1, Identifying the Standpoint
Purpose of Argumentation: To defend a standpoint. If the standpoint is a positive (or negative) one, defending it consists of justifying (or refuting respectively) the proposition to which the standpoint refers.
Identifying the Argumentation: Identifying the standpoint is usually the first step. Once the standpoint has been determined, it is easier to figure out which utterances form the argumentation for this standpoint.
2, Indicators of Argumentation
Explicit Announcement: Sometimes speakers announce that the utterances that they are about to produce have an argumentative function (“My arguments for this are…”). Such explicit announcement, however, are the exception rather than the rule.
Indicators of Argumentation: Good examples of these are “therefore”, “thus”, “so”, “consequently”, “of course”, “because”, “since”, “given that”. As a rule, these also serve as indicators of standpoints. Other words and expressions are less obvious indicators of argumentation: “on one hand… on the other hand”, “this is evidence of…”, “on the grounds of”, “firstly… secondly”, “because of”, “ought to”, “should”, “all in all”, “in short”.

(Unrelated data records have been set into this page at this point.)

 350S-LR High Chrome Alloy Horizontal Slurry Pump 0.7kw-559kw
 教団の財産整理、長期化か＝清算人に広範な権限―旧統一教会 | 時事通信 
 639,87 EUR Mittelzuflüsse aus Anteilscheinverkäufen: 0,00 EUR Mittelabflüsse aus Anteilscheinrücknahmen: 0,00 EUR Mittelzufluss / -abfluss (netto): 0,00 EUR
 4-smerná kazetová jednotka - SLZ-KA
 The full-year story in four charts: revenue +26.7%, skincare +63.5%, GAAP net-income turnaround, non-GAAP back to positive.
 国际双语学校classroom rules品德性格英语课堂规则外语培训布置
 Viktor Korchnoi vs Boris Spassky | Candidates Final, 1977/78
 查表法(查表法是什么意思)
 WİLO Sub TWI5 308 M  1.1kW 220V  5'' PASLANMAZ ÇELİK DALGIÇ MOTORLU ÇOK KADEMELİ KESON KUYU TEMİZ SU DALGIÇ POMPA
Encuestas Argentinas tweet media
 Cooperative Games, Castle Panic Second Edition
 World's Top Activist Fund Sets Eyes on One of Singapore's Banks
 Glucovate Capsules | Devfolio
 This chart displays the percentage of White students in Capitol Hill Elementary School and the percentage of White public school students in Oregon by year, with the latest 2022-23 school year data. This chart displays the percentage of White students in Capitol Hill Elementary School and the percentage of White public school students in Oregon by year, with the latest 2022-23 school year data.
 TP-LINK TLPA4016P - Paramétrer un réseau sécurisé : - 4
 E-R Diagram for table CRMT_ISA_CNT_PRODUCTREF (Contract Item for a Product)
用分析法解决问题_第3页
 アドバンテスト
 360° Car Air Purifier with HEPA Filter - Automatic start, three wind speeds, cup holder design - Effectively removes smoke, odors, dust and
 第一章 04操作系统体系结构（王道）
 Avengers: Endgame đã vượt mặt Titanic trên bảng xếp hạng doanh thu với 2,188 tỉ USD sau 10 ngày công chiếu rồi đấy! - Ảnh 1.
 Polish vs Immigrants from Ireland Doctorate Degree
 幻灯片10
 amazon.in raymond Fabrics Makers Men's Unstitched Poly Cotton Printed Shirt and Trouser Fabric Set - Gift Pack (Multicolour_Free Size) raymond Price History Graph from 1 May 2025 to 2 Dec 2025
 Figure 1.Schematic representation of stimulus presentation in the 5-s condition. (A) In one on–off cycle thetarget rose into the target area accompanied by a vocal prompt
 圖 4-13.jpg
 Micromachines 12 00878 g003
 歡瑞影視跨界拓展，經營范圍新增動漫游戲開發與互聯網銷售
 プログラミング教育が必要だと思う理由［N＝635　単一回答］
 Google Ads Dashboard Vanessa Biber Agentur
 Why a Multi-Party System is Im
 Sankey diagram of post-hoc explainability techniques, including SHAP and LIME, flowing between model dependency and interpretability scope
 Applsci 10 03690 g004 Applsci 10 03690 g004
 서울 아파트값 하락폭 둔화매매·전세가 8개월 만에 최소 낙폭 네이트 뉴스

Retrogressive Presentation: The standpoint precedes the argumentation. Such indicators include “because” and “since”.
Progressive Presentation: The standpoint being defended follows the argumentation. Such indicators include “thus”, “for that reason”, and “therefore”.
3, Clues in the Context
Implicit Standpoints and Argumentation: In practice, there is no indicator of argumentation and it is sometimes not immediately obvious whether the presentation is progressive or retrogressive. If the utterance were spoken, the speaker’s intonation might provide a clue. Otherwise, the context may help clarify the function of the utterance.
Well-defined Context: May consist of utterances following or preceding the utterance whose function is unclear, or a reference to the difference of opinion that needs resolving or of the standpoint to which the argumentation is related.
4, Additional Means of Identifying Argumentation
The specific situation in which something is said and the cultural context in which it happens sometimes clarify a lot. Also, when interpreting argumentation, both general and specific background information can be important. Sometimes this interpretation requires knowledge of a specific field.
5, Explanation, Elaboration, and Clarification
Interpreting Argumentative Discourse: One should start from exactly what the speaker or writer has said. Only when problems arise in the interpretation should other clues be considered. We must always guard against letting our own opinions influence our interpretation.
“Because”: Often gives causes rather than reasons. Instead of being arguments, such utterances serve to explain, elaborate, or clarify. Importantly, whatever is being explained, elaborated, or clarified is something that is already accepted. When in doubt, it is advisable to be cautious and to treat the explanation as an argument.
6, a Maximally Argumentative Interpretation
Maximally Argumentative Interpretation: To view borderline cases as argumentation. Any utterance that, for instance, might also be just a remark or an explanation is interpreted as argumentation.
Notes and Examples
Justifying: “It’s true that TV makes life more fun, because since we’ve had television, we don’t play card games any more.”
Refuting: “It’s NOT true that TV makes life more fun, because since we’ve had television, we don’t play card games any more.”
Identifying the Standpoint: One needs to watch out for indicators of standpoints such as “In my opinion…” and “I think that…” and for other expressions that suggest a standpoint such as “I conclude by saying that…” and “I hope I have shown that…”
Retrogressive Presentation: “Children must learn not to instantly satisfy every urge they feel because otherwise they would sit in front of the TV eating chips all day long”.
Progressive Presentation: “Children who watch television as much as they want to don’t get their homework. Therefore, parents should limit their children’s access to television".
Implicit Standpoints and Argumentation: “Carla doesn’t ever want to see Bob again. She won’t call him.” Retrogressive presentation: “Carla doesn’t ever want to see Bob again, because she won’t call him.” Progressive presentation: “Carla doesn’t ever want to see Bob again, so she won’t call him.”
“Because” as a Cause rather than a Reason: “The pudding didn’t stiffen because I didn’t put enough gelatine in it”.